ドッグランとは?
ドッグラン(ドッグパーク)とは、飼い主様の管理のもとで、愛犬をノーリードで自由に走らせることができる場所を指します。
愛犬が楽しそうに駆け回り、それを飼い主様が微笑ましく見守る光景は、とても素敵な時間です。そうした空間を提供したいと考える方も少なくありません。
ドッグランでは、事業者がお客様の犬を取扱うわけではないため、動物取扱業の登録の必要がなく、スペースさえあれば、誰でもドッグランを開業することができます。
※市街化調整区域や用途制限のある地域など、土地の利用に制限がある場合もあるため、その土地がドッグランとして利用ができるかの確認は必要です。
ドッグランの運営に必要な資格はありませんが、犬がノーリードで遊ぶ場所を提供するということは、動物取扱業者と同じくらいの知識が求められることは間違いありません。

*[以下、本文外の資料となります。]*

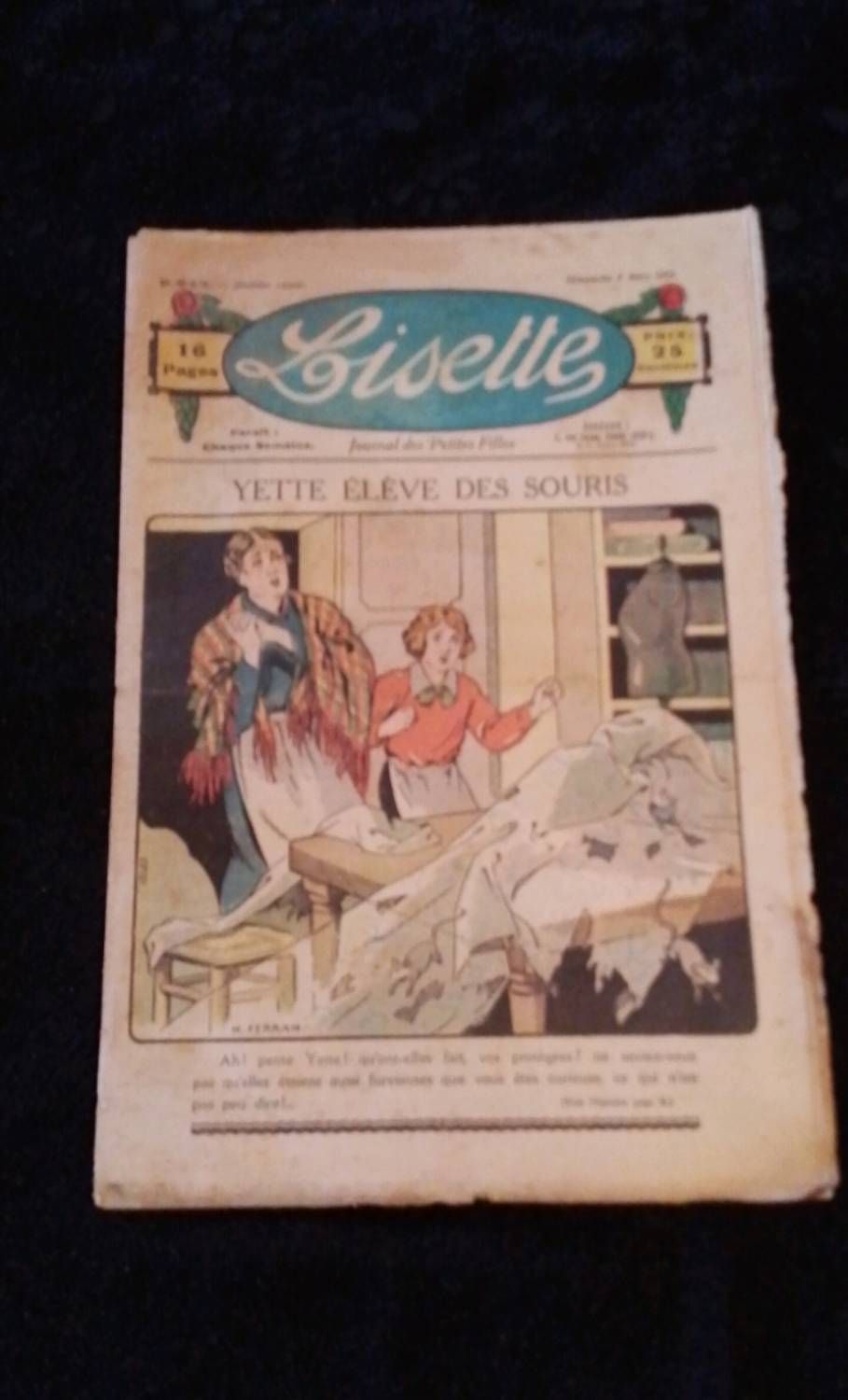 少女雑誌　lisette album No.95 french magazine 少女雑誌 lisette album No.95 french magazine 少女雑誌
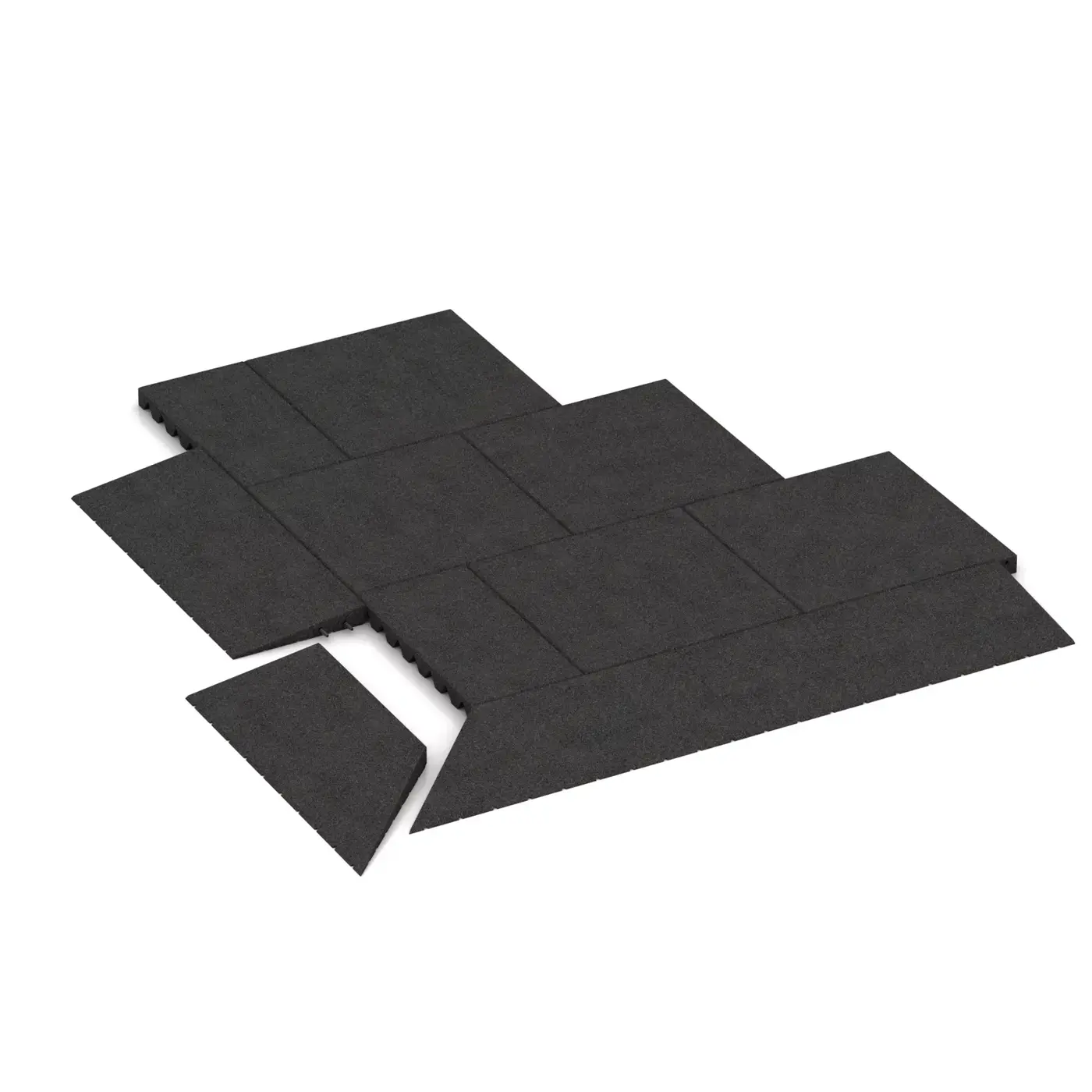 Right corner wedge half to the transition ramp – Bezugsrampen & Ecken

知らない犬同士がノーリードで同じ空間を利用するということに、細心の注意が必要です。
安全管理が不十分なまま、「当店は一切責任を負いません」という体制では、事故やトラブルが起きてしまい、ドッグラン事業を継続できなくなってしまいます。
安全管理をしっかり行い、厳しい利用規約を定め、ご理解とご協力を頂いたうえで、存分に楽しんで頂く事がドッグラン運営で何より大切なことだと考えています。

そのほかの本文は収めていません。